Wednesday, March 31, 2010

Are you the friend you want to have?

Bonjour Amis,


This letter came in my Spam box this morning... (I check it every once in a while.... just in case). I really liked what it had to say about friends and wanted to share it with you my friends. 
 I checked out the web site as well and it's official and not a fake one. It's for woman's life coaching. 


Enjoy the read,
Mary.... (aka Anuschka)


Are You the Friend You Want You Have? 

The Life Coaching Letter #60The Integrated Woman 

March 31, 2010 

"Life is nothing without friendship." That’s what Cicero said many years ago, and I whole-heartedly agree. I don’t know where I’d be if not for my friends over the years. Friendship is one of life’s greatest treasures; and I often wonder if we pause long enough to think about this area of our lives. 

Friendships come in all shapes and sizes -- some last a lifetime and others just a season. There are social friendships -- supportive and enjoyable, but not deep. There are friends we’ve known since first grade, and others who are brand new, but make us feel like we’ve known them all of our lives. 

There are what I call "situational" friendships... people with whom we share life circumstances -- like moms in a play group, or colleagues, or classmates. And there are precious "kindred spirits" -- those who, no matter how much time or water under the bridge or distance, you can start right where you left off and always feel understood. 

Every kind of friendship is valuable, but certain things will strengthen and build it, while other things will cause it to weaken or even break. 

What kind of a friend are you? Do you do most of the giving or most of the taking? Do you keep in touch and take responsibility for regular communication and planning get-togethers? Do you let your friends know how much they mean to you? Are you the kind of friend you’d want to have? 

There are a few key elements to meaningful, lasting friendship... 

Trust is the first biggie. You have to be able to trust a friend -- at least to the degree you wish to relate. In other words, you don’t have to tell every friend your deepest, darkest secrets, but you should be able to trust the person with whatever you do share. 

Likewise, you must be trustworthy yourself. Which means keeping your friend’s confidences, protecting her reputation, being reliable. 

Communication is also key. Particularly in female friendships. (And let’s face it, male friendships do tend to be different.) Communication, first of all, means staying in touch -- calling, emailing, writing, spending time together. If one person is doing most or all of the work, resentment and hurt feelings can build. 

Sometimes we get into patterns where we’re used to playing a predictable role, but friendships must grow and change if they’re going to be satisfying. We should examine the habits we have with our friends and decide if we want to start showing up a little differently. 

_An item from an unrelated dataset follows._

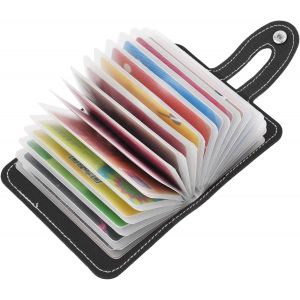 KALANKA-Porte Carte de Crédit pour Femmes Homme, Porte Cartes de Visite PU Cuir Sac à Main Portefeuille pour 26 Carte (Noir) - Neuf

Another part of communication is being a good listener, not just a talker. Naturally, our friends provide us shoulders to cry on and ears for venting, but if we’re always verbally dumping our stuff without being available in return, we’re just using people instead of engaging in mutually beneficial relationships. 

A third key element in any true friendship is compassion. All of us fight battles at times and we need friends who can be kind when life is cruel, who will be there for us when others leave, who will remind us of who we are and hold out hope when we’ve lost our way. 

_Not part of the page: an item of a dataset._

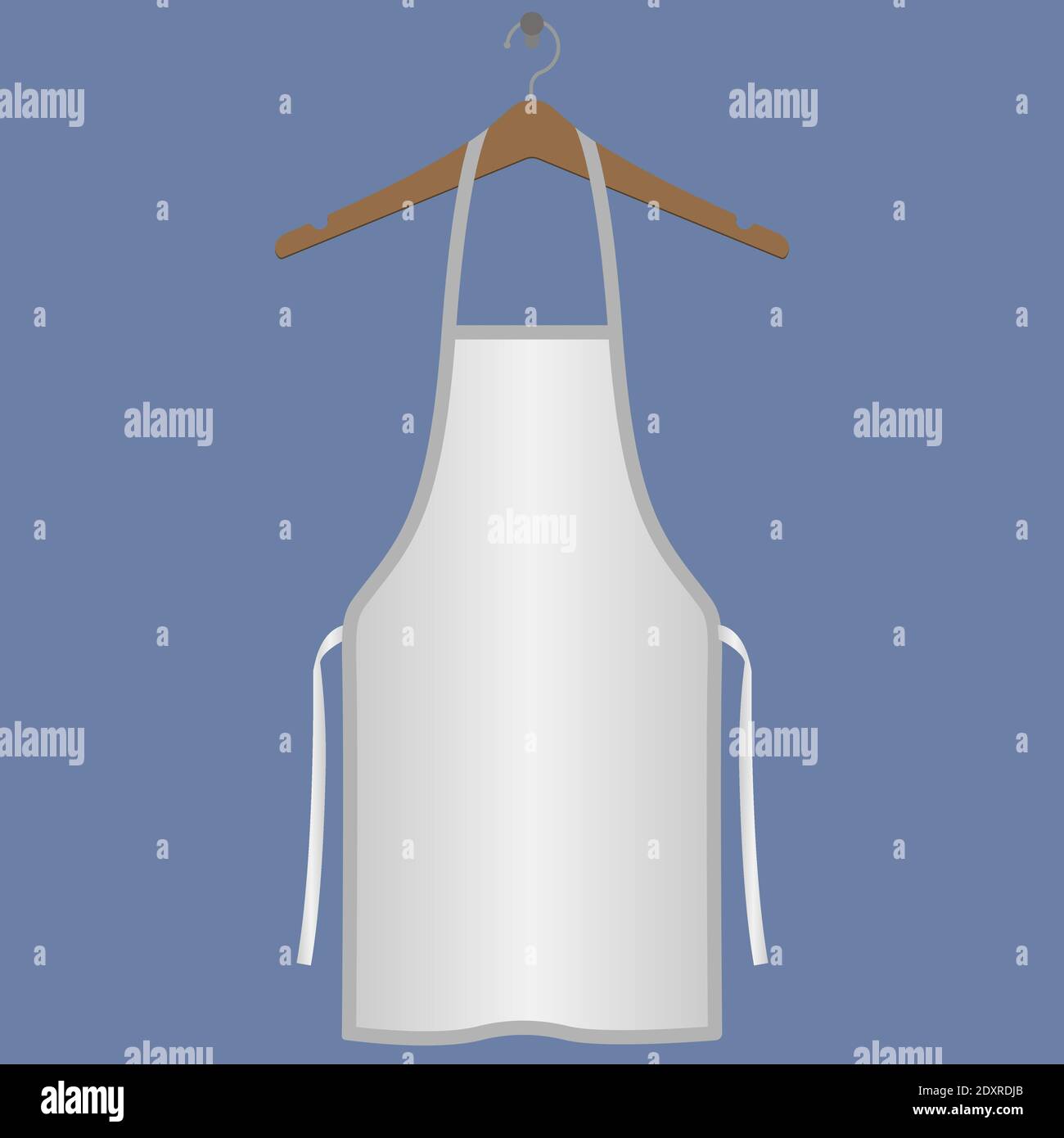 Grembiule bianco su appendiabiti in legno, vettore concettuale Illustrazione Vettoriale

There are many important aspects to friendship, but let’s now turn our attention for a moment to a few things that will weaken and destroy it... 

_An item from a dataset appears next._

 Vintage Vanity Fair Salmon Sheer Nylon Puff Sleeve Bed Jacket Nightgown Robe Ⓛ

Jealousy and envy are high on the list. True friends rejoice in each others’ talents, successes, and strengths -- and they take no delight in each others’ faults and failures. If you find yourself jealous or envious of a friend, one way to deal with it is to simply ‘fess up. Being open about it can dissipate the thoughts and feelings and bring you closer together. 

Related to this is another harmful habit -- making comparisons. The beauty of friendship is that you share things in common, but you’re also wonderfully unique. When you compare yourself to a friend -- whether it’s in appearance, possessions, successes, whatever -- you step outside the bond you share and allow your insecurities to place a wedge. One way to handle this is to make your friend an ally in building up your confidence. If someone is consistently bringing you down or uninterested in your well-bring, it’s probably time to let that person go. 

Lack of mutuality is another obstacle. Friendships can go through seasons... when one person gives more than another. But generally speaking, it is by nature, mutual. Both people give and take. Both talk and listen. Both take responsibility for growth and change in the relationship. 

And what about all the tough stuff? There are certainly many challenges we can face: When a friend marries or has a baby and all but disappears; or you wake up and realize you’ve changed and no longer enjoy a friend the way you did; or you’re doing most of the work in a friendship and don’t know how to change it; or someone you considered close moves away and never calls or emails; or a friend betrays your trust... the list goes on. 

Dealing with these issues requires another e-letter, so I’ll be sure to do that soon. 

In the meantime, while Spring seems to be hiding its face here in the mid-Atlantic, I encourage you to be grateful for your friends, to express what they mean to you, and to examine how you can be the friend you would want to have.